Tonight: Coming to the UK?
On 1 January 2014 the labour market in Britain will open up to Romania and Bulgaria, meaning anyone from either country can come to live and work in the UK.
The UK government has failed to release any official figures on who might migrate making some fear that Britain’s public services, which are already over stretched, will not be able to cope with a possible new wave of migrants.
Tonight looks at the likely impact on Britain’s communities and also visits Bucharest, the Romanian capital to meet some of those Romanians planning to move to the UK next year.
In 2004 labour restrictions were lifted on Poland and other Eastern European countries in the same way; and on that occasion the British government underestimated how many would travel to the UK.
However this time Migration Watch, a think tank has published some research and the chairman of Migration Watch Sir Andrew Green told Tonight that the UK should “expect fifty thousand in the year as a whole and the same for the following five years".
He also told Tonight that the social benefits system in the UK is a major economic pull factor drawing migrants from the EU to the UK.
However the Romanian Home Secretary Bogdan Tohaneanu feels that the benefits issue is irrelevant and that the media coverage given to Romania in the UK is unfair insisting that his country is “a very civilised country, with very civilised people, with well educated people”.
There will be well educated Romanians that want to come to the UK because they have a very specific skill set.
Tonight meets one such Romanian Diana Todea, she is a recent graduate from Edinburgh University.

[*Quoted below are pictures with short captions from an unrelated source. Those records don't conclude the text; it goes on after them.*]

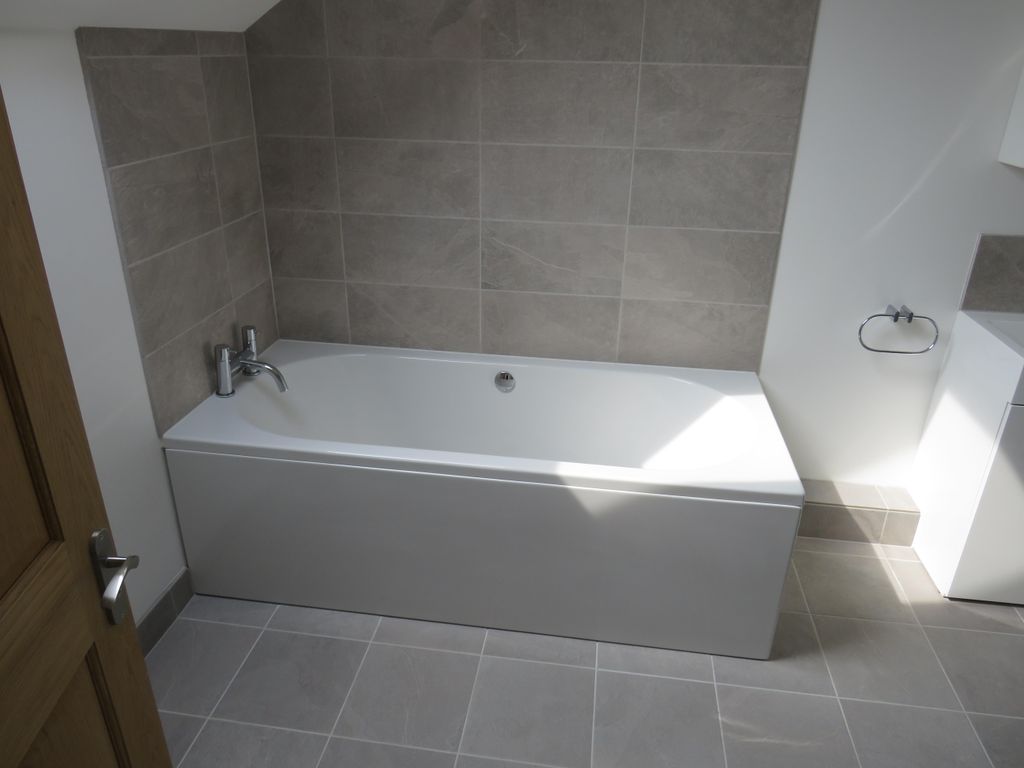 Property photo 3 of 10 Bedroom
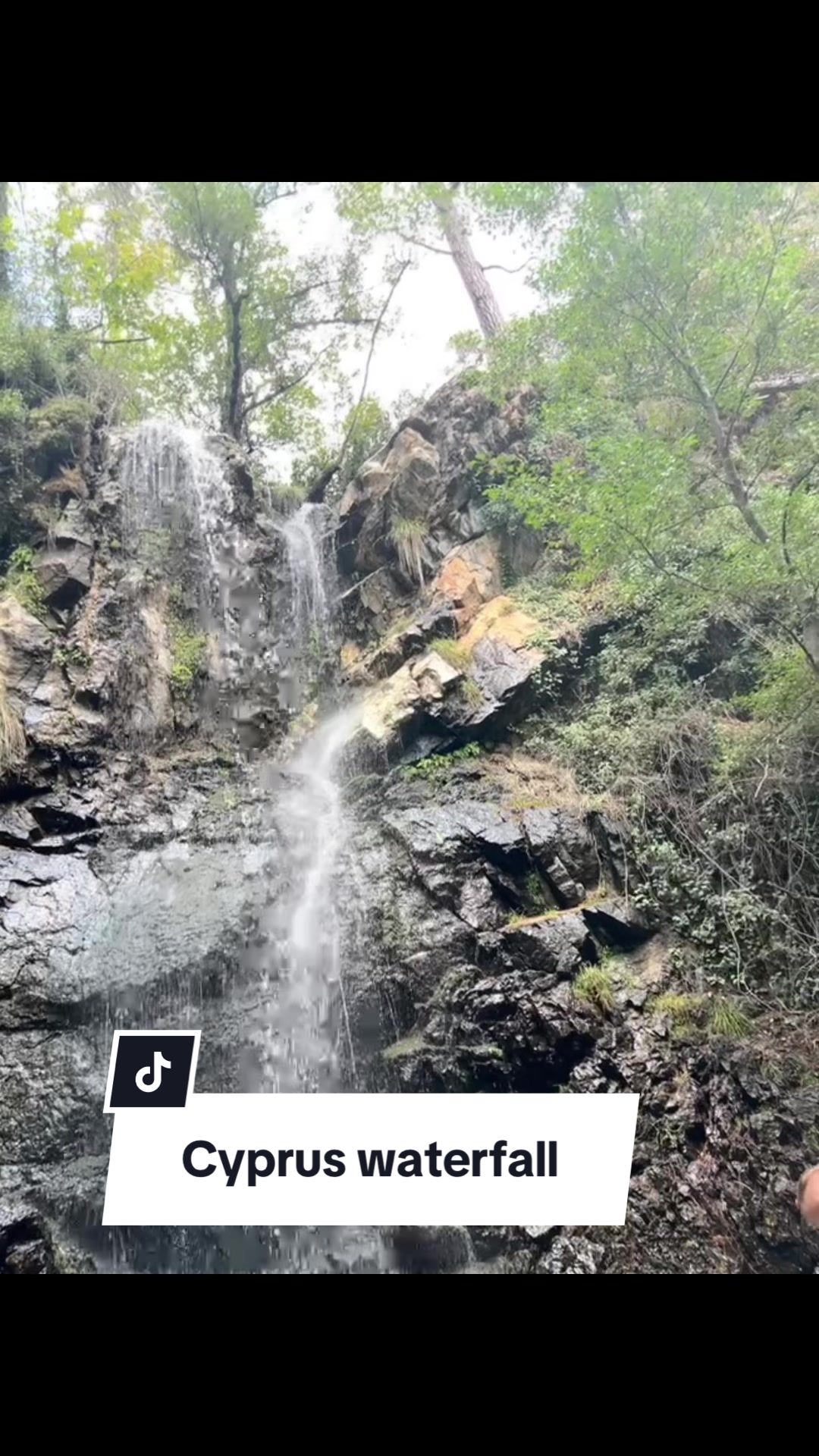 Водопад Каледония (Caledonia Waterfall, Троодос)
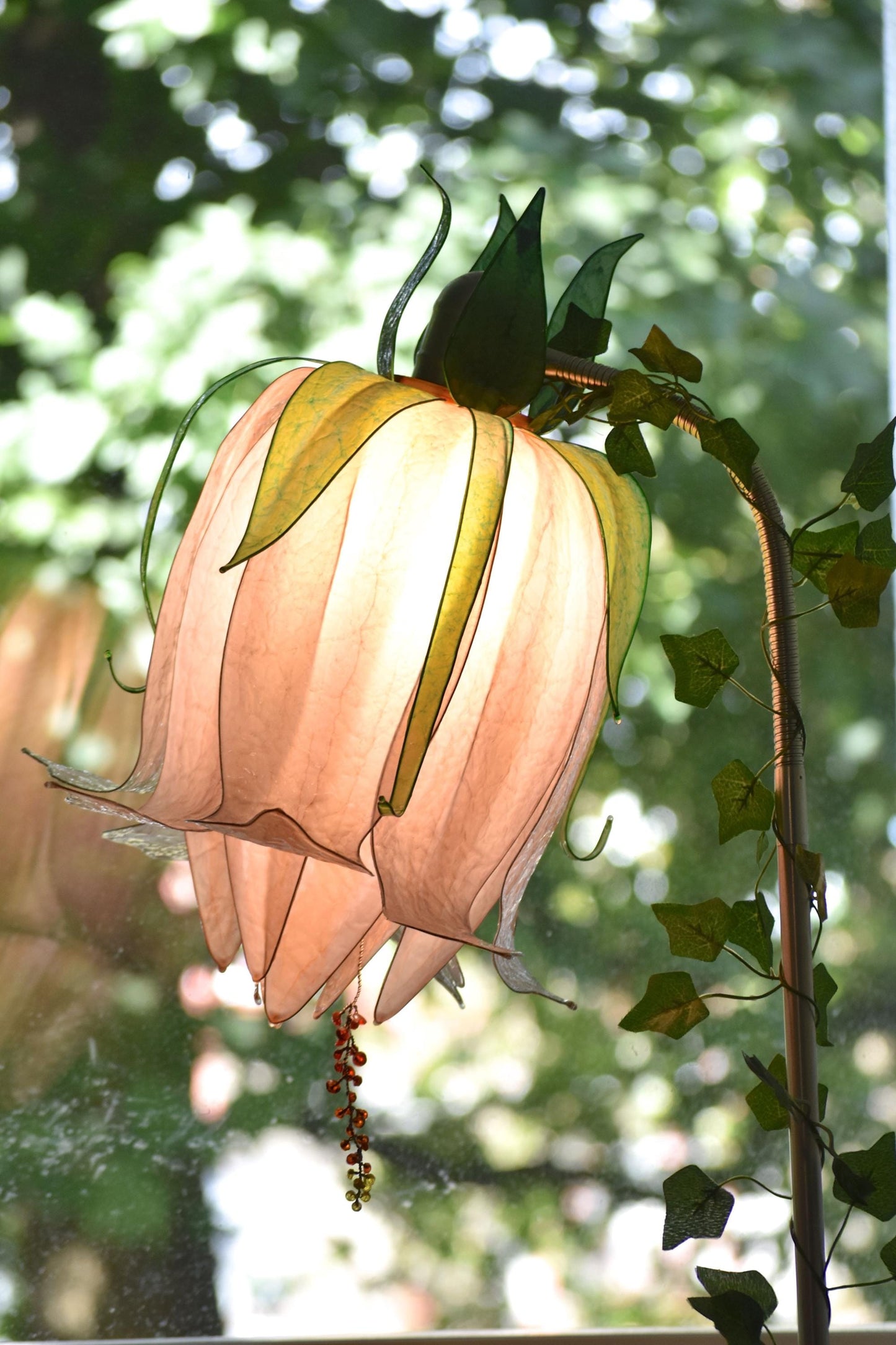 lampada da terra a forma di fiore beige orientabile in resina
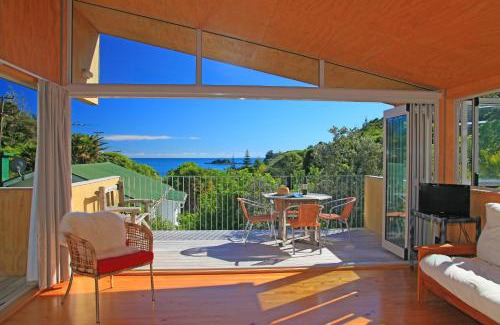 Palm Beach House | Barefoot Spirit - Stay Waiheke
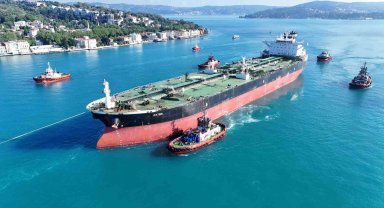 Ukrayna'nın vurduğu dev tanker İstanbul Boğazı'ndan geçirildi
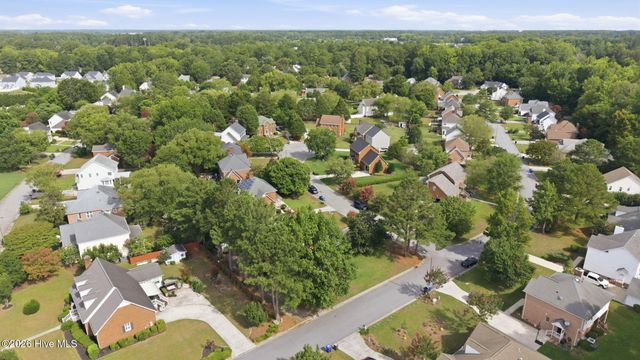 4003 Treetops Circle, Winterville, NC 28590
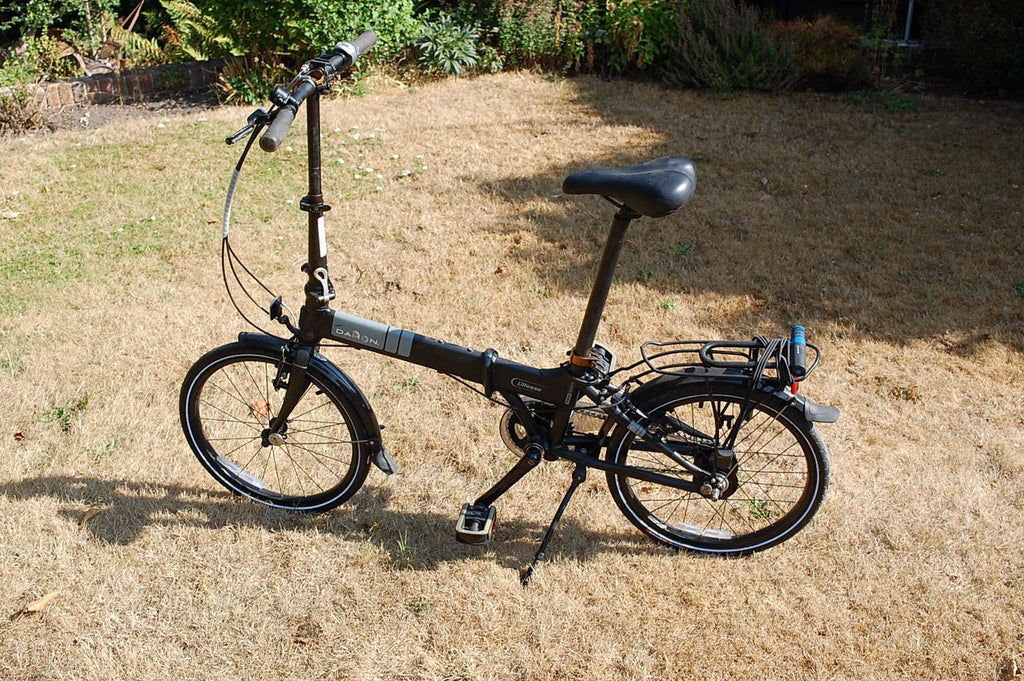 Dahon Vitesse lightweight Aluminium folding bicycle - 5 speed + accessories.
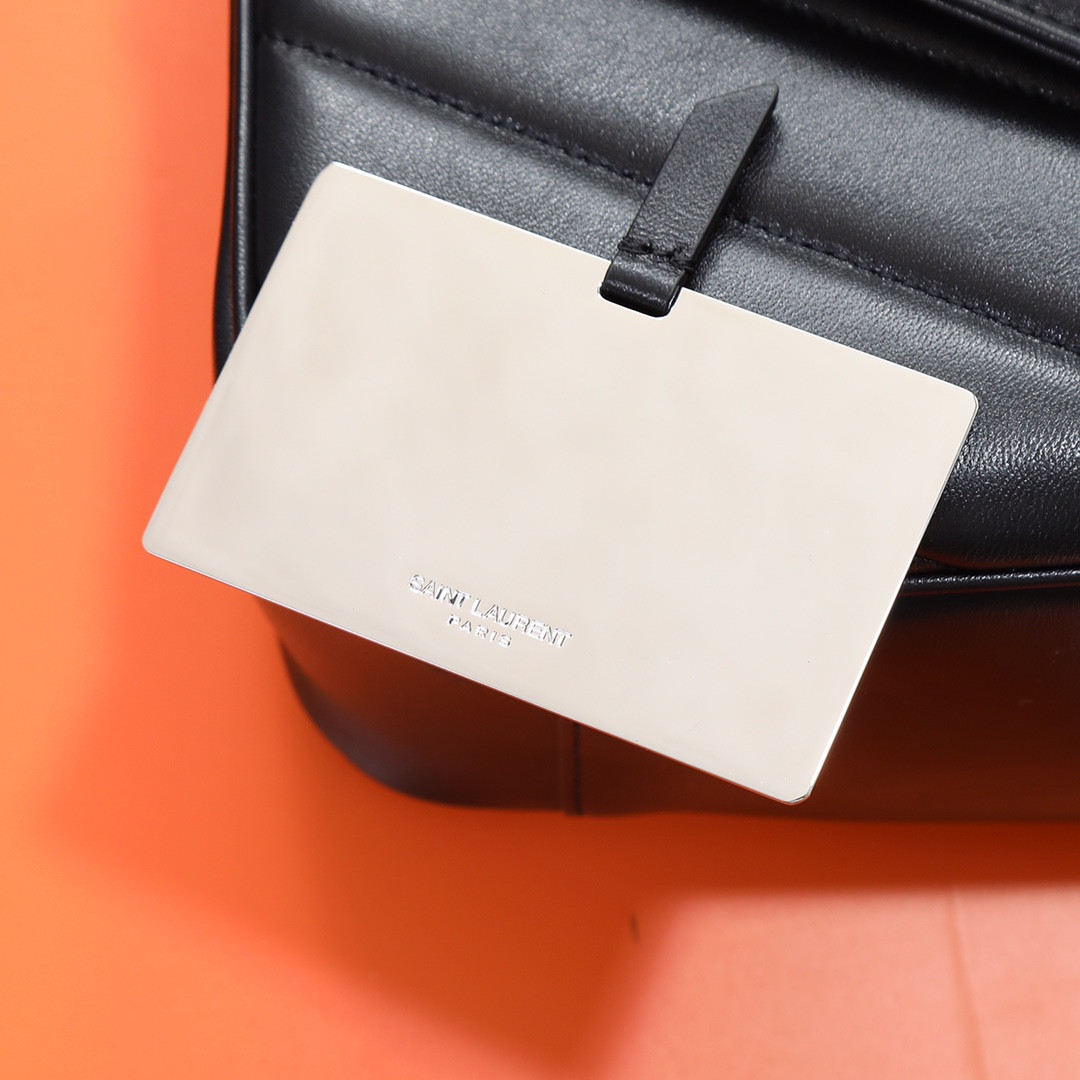 Y51 LOULOU medium in MATELASSÉ lambskin 29x17x8cm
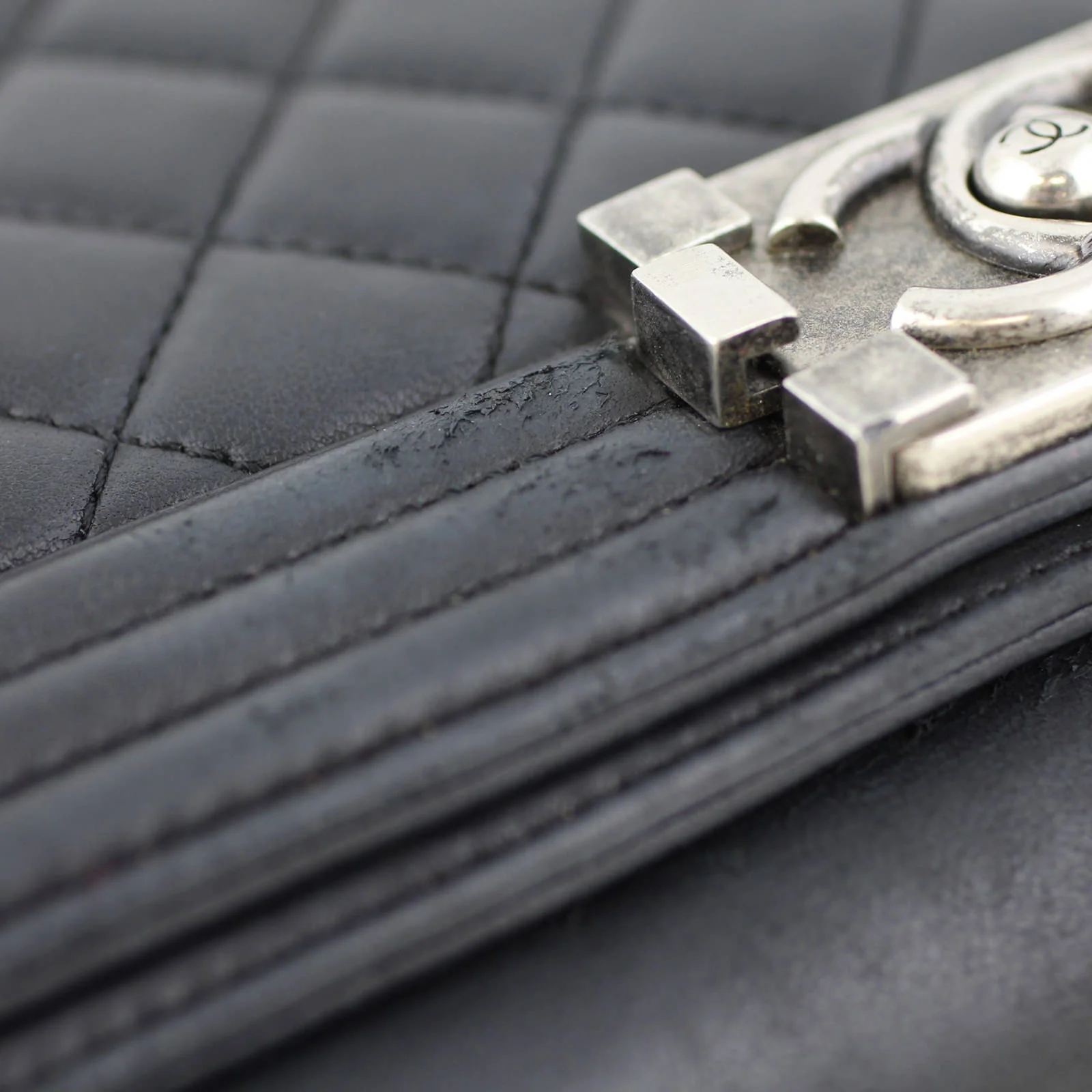 Chanel Boy Large | 19 Series - Image 9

Diana, an IT professional, intends to come and work in the UK because she would like to forge her career in Britain but she told Tonight, “Not everybody is attracted to the UK. The UK of course has a lot to offer but it’s not offering everything”.
Gabriel Toader is another Romanian looking to come to the UK in January 2014 but it won’t be his first trip.
On Gabriel’s last trip he says he was exploited both by the Romanian agency that arranged for him to travel to the UK and by his British employer once he arrived.
He spoke of how he was made to work 17 hours a day and during his first week in the UK he worked for thirty hours straight.
So for Gabriel the change in the right to work rules mean that he can freely travel to the UK without having to pay an agency. Aasmah Mir also travels to the market town of Boston in Lincolnshire, an area that has been changed by an influx of migrants.